Section 7.4. Limiting Instruction Stages | Practical FPGA Programming in C

7.4. Limiting Instruction Stages

To get maximum benefit from the optimizer, you should keep in mind those types of statements that will result in a new instruction stage being created. These statements include

A control statement such as an if test or a loop
Any access (read or write) to a memory or array that is already being addressed in the current stage

Tip:

To the greatest extent practical, you should reduce the use of unnecessary control statements and memory accesses to reduce the number of instruction stages.

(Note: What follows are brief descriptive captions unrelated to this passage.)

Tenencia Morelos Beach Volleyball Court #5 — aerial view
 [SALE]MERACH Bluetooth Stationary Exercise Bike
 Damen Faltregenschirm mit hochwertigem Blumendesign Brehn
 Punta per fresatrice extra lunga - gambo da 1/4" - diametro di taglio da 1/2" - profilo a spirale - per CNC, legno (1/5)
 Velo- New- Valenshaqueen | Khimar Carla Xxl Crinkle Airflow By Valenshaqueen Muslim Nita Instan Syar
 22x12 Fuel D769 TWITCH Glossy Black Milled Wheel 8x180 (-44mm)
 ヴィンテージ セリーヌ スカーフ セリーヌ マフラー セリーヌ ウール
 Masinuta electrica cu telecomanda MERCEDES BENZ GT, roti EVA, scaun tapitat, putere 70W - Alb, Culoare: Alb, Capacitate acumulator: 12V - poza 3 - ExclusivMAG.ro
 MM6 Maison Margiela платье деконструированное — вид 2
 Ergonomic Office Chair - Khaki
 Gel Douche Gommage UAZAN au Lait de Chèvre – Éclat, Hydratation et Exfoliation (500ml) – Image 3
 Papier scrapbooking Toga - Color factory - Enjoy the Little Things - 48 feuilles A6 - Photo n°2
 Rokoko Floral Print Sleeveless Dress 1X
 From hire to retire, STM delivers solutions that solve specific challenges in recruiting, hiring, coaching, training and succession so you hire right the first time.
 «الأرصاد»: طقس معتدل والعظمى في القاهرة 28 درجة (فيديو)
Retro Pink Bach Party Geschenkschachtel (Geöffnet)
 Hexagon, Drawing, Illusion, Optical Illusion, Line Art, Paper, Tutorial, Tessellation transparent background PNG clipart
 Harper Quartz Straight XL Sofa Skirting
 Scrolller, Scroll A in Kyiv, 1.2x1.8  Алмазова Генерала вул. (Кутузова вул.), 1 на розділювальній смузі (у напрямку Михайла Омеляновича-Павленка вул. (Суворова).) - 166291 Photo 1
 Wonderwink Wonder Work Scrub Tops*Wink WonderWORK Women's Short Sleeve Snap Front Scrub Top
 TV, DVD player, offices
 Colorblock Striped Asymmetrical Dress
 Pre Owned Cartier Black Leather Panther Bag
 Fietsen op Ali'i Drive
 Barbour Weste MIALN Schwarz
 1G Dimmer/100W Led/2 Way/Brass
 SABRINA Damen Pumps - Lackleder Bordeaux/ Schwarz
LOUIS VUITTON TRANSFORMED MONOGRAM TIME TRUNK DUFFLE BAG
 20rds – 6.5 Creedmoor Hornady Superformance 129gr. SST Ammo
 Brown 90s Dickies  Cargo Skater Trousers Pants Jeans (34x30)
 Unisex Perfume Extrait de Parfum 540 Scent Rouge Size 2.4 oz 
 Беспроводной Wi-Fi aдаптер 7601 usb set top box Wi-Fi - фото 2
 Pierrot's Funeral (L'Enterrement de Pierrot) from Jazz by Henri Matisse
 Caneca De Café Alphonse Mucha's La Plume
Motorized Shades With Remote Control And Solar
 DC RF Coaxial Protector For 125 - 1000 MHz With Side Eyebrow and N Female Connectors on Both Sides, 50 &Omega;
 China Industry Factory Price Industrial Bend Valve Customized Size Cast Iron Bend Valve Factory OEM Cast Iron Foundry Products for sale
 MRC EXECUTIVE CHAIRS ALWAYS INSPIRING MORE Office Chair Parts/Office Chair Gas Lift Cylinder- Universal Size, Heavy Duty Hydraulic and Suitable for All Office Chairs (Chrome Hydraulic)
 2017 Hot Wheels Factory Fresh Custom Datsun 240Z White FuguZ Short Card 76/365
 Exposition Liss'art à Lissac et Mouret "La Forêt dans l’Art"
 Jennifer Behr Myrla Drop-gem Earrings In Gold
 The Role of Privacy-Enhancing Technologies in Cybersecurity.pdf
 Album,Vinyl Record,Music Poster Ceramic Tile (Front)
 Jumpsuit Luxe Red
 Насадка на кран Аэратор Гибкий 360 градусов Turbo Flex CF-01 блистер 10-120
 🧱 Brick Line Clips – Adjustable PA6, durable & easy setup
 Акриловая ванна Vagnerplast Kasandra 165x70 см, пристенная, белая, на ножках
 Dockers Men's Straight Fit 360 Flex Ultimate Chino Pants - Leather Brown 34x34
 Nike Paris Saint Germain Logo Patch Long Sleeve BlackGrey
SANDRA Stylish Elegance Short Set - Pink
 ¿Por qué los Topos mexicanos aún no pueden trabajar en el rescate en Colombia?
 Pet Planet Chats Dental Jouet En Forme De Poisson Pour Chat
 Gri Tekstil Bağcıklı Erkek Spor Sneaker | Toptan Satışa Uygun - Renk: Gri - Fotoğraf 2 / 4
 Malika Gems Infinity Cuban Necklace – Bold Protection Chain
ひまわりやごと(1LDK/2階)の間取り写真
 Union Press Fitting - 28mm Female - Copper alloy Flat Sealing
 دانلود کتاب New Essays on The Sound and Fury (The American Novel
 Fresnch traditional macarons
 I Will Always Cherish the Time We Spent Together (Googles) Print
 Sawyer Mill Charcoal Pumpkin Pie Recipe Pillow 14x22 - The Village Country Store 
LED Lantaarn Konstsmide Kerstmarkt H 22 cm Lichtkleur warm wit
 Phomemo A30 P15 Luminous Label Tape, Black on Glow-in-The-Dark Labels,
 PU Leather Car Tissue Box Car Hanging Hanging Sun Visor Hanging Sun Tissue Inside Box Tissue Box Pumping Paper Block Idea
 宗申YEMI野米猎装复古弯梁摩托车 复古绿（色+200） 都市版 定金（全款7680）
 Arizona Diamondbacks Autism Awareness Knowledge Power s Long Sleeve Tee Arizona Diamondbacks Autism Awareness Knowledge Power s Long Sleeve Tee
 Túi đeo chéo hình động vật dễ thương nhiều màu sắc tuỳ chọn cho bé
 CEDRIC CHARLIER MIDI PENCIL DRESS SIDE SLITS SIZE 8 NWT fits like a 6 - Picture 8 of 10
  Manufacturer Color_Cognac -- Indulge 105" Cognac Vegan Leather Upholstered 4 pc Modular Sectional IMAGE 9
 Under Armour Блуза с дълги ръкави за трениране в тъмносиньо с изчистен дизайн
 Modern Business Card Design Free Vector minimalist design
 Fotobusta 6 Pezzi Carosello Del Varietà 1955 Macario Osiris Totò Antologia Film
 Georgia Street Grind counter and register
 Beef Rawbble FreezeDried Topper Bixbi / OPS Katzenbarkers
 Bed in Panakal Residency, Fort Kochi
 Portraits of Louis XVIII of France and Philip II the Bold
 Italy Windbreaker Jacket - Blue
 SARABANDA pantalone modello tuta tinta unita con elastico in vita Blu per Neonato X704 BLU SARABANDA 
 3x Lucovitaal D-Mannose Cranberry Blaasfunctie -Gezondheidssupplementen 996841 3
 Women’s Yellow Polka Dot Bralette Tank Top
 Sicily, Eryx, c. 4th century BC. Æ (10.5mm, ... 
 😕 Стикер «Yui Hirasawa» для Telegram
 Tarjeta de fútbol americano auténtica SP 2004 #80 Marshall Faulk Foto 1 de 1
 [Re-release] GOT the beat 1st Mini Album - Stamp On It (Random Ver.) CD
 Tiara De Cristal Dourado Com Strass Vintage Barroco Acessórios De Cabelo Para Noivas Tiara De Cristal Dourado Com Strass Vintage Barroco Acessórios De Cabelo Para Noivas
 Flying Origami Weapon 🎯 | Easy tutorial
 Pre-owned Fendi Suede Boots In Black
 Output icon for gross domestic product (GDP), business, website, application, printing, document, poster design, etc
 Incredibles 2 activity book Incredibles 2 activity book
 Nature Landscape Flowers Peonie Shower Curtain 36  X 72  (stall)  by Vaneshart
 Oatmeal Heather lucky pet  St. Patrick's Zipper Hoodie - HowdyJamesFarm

Reduce Memory Accesses for Higher Performance

An important consideration when writing your inner code loops for maximum parallelism is to consider data dependencies. In particular, the optimizer will not be capable of parallelizing stages that access the same "bank" of memory (whether expressed as an array or using memory block read and block write functions). For this reason you may want to move subregions of a large array into local storage (local variables or smaller arrays) before performing multiple, otherwise parallel computations on the local data. Doing so will allow the optimizer to parallelize stages more efficiently, with a small trade-off of extra assignments that may be required.

Array Splitting

The way that memory (including local arrays) is accessed within a process can have a dramatic impact on the ability of the optimizer to limit instruction stages and to parallelize C statements. Consider the following example:

 x = A[0] + A[1] + A[2] x = x << 2;

This example involves an array A that is stored in a local RAM block. Only one element of the array can be read from the memory in a single cycle, so the computation must be spread out over four stages:

Read A[0]
Read A[1]
Read A[2], perform A[0]+A[1]
Rerform +A[2], perform <<2

One way to avoid this problem with memory is to use multiple arrays in multidimensional algorithms. For example, the following algorithm has the same problem as the preceding example:

 int a[4][10]; for (i=0; i<10; i++) {     a[3][i] = a[0][i] + a[1][i] + a[2][i]; }

However, suppose this algorithm is written using a separate array for each row of a, as follows:

 int a0[10],a1[10],a2[10],a3[10]; for (i=0; i<10; i++) {     a3[I] = a0[i] + a1[i] + a2[i]; }

In this example, each row is stored in a separate block of RAM, allowing each row to be read/written simultaneously. As a result, the body of this loop executes in a single stage instead of the four stages that would be required if the array were not split.

Tip

As this example demonstrates, array splitting is a useful technique to allow multiple simultaneous memory accesses and thereby increase parallelism. In Chapter 10 we'll explore this and other techniques in more detail.